(Information provided Opens)

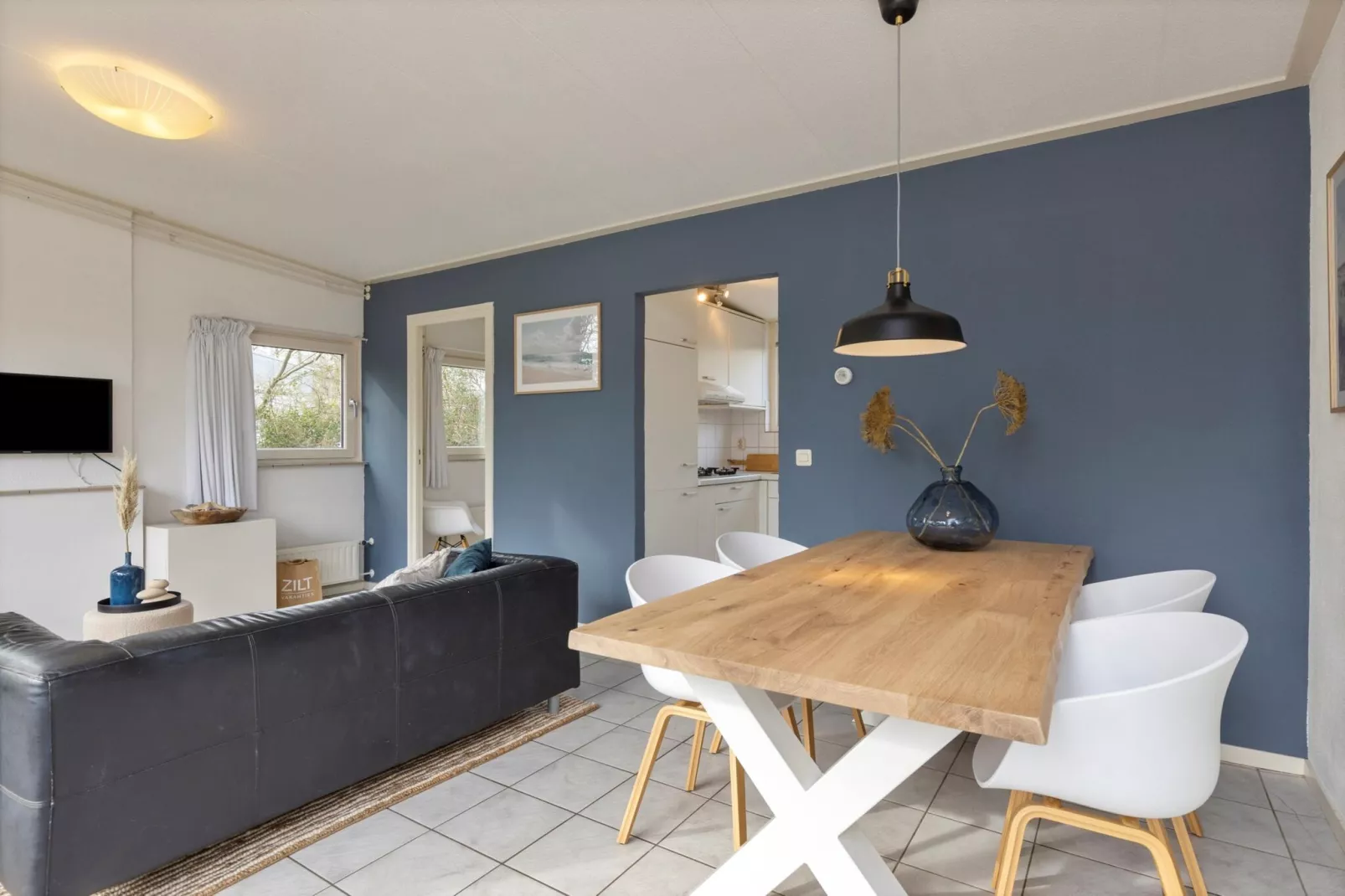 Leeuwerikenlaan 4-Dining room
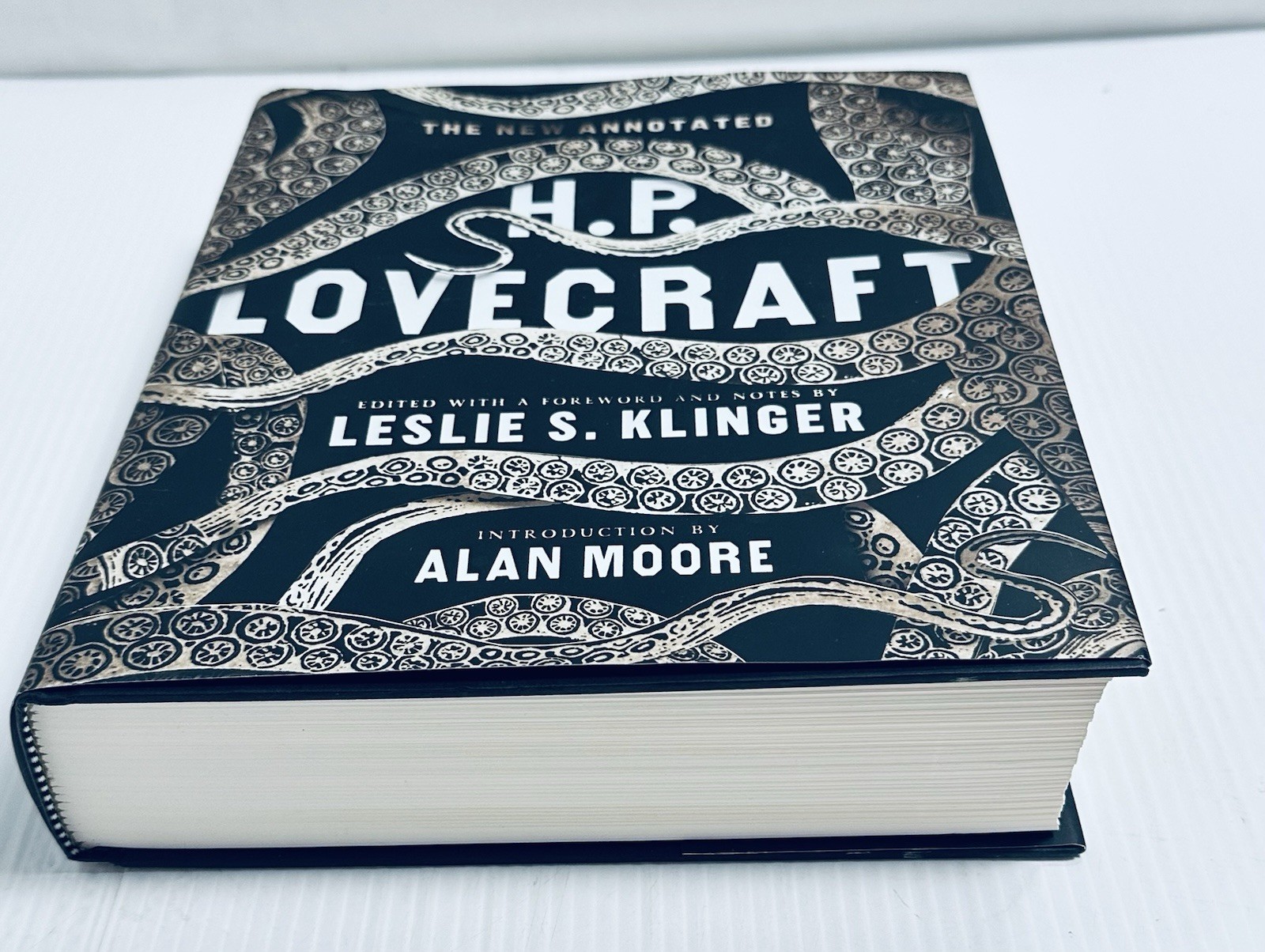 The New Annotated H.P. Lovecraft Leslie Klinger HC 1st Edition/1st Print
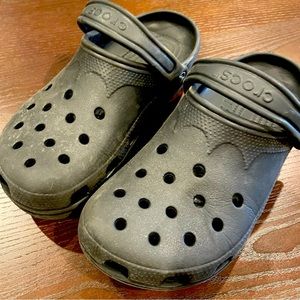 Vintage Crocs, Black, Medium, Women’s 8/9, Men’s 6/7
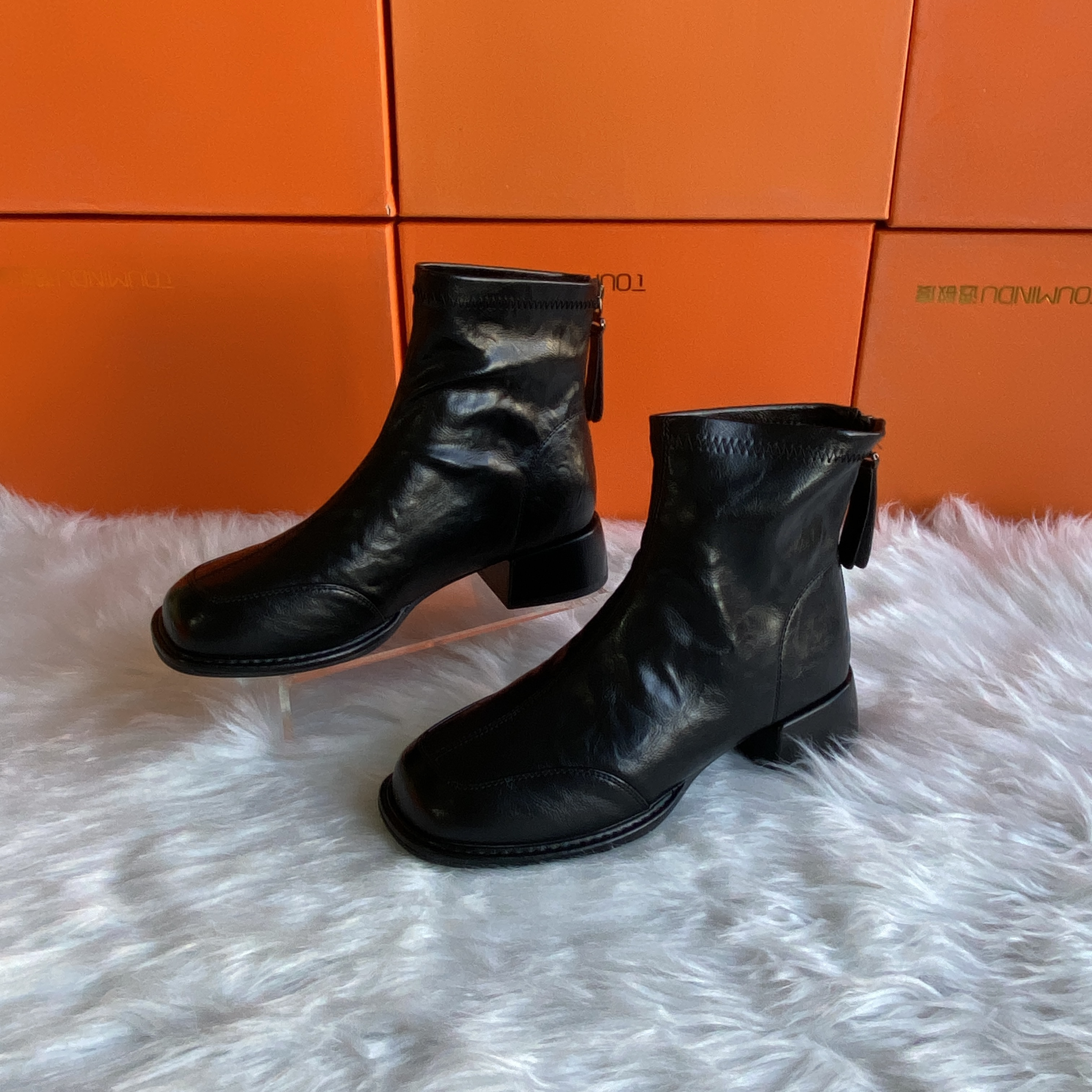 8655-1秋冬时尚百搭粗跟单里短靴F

(Information provided Closes)

## What you should do
With pictures left out, extract the lines from the one containing "The New Annotated" to the end of the material above, both included, exactly as written.

## Written response
 The New Annotated H.P. Lovecraft Leslie Klinger HC 1st Edition/1st Print
 Vintage Crocs, Black, Medium, Women’s 8/9, Men’s 6/7
 8655-1秋冬时尚百搭粗跟单里短靴F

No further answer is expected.